È però in particolare sulla cristologia di Bonhoeffer che l'A. si sofferma, in quanto in lui l'articolazione della relazione fra Dio e il mondo si fa anche biograficamente tragica (4. Cristo, creazione e comunità: la cristologia all'ombra dell'Anticristo). Bonhoeffer è presentato come il tentativo di una sintesi fra l'istanza calvinista di non travolgere Dio nelle vicende del mondo (Dio è Dio) e l'istanza luterana di vederlo però completamente presente e coinvolto. Il Cristo di Bonhoeffer non interrompe l'uomo e non compete con lui, ma si rende presente nella forma complessa della comunità. Ancora una volta è nella chiesa che la rappresentanza (Stellvertretung) di Cristo si rende presente come solidarietà incondizionata alla creazione.
L'intero percorso è infine ripreso da due ultimi testimoni inaspettati. Il primo è il cattolico Przywara (Conclusione: Cristo cuore della creazione: la tensione in metafisica e in teologia)il quale, nella sua formulazione in e oltre (non accanto), propone una presenza di Dio che non si sostituisce al mondo, ma si manifesta nella vita del mondo. Questo autore permette di aprire lo sguardo alla grammatica stessa sottesa all'impostazione del libro.
A fronte di una presenza non competitiva di Dio in e oltre la creazione, la metafisica stessa si presenterà come discorso non competitivo. Il discorso teologico-metafisico non è un discorso accanto agli altri ma si fa presente in due modi: da una parte come metodo, come orizzonte di ogni pensare e discorrere; dall'altra come vita, realizzazione concreta (la prospettiva è sempre ecclesiale).
Ancora più inaspettato il secondo testimone, ovvero Wittgenstein (come interprete di Kierkegaard): anche per lui il discorso metafisico e religioso non è linguaggio storico, informativo, discorso accanto ad altri discorsi, ma piuttosto un fatto estetico, un metodo di lettura globale della realtà, che non propone singole interpretazioni concorrenti dei singoli eventi, ma offre piuttosto un orizzonte generale di possibilità e senso.

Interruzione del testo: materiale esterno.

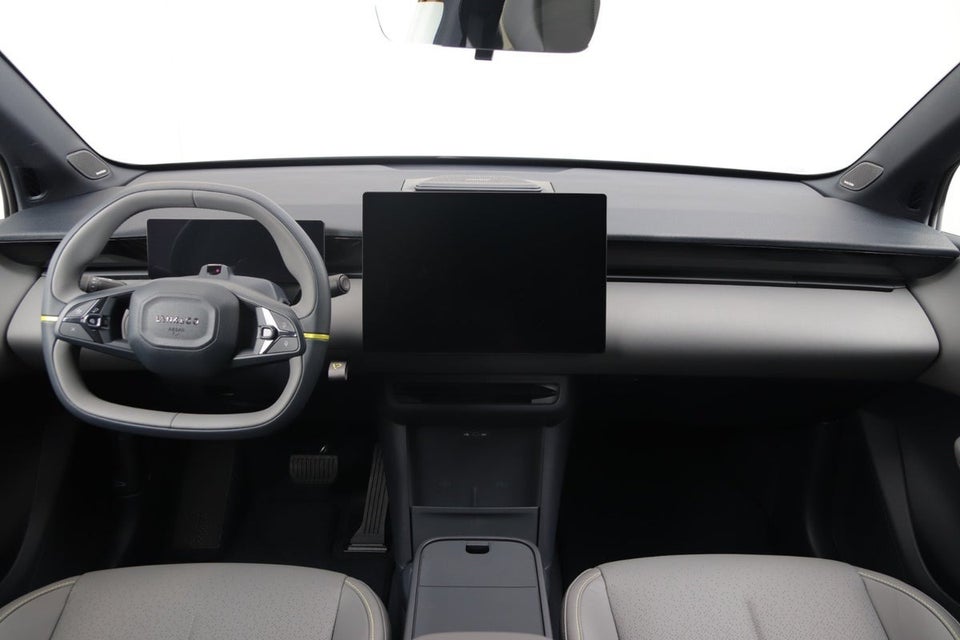 Lynk & Co 02 More 5d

Si tratta pertanto di un'opera tecnica e affascinante, molto colta, che sostiene una prospettiva e una tesi. Sembra astratta, ma riguarda invece qualcosa di molto concreto per il credente, ovvero il modo in cui percepisce la presenza e l'azione di Dio, che non può e non deve essere immaginata come giustapposta alla presenza e all'azione delle creature.
Dal punto di vista teologico si tratta di un'impostazione molto classica e corretta. Tuttavia, proprio sul versante spirituale rischia di non essere sempre sufficientemente attenta alla posizione avversa. Le impostazioni che tendono a presentare Dio come attore di-fronte-e-accanto e quindi l'umanità di Gesù come giustapposta o parallela alla presenza divina (da Lutero a Scoto agli antiocheni), presentano certamente delle fragilità teologiche, e tuttavia non sono semplicemente momenti di debolezza teorica, ma cercano di rendere un'esperienza spirituale che può forse essere meglio onorata, proprio nel momento in cui la si vuole contestare.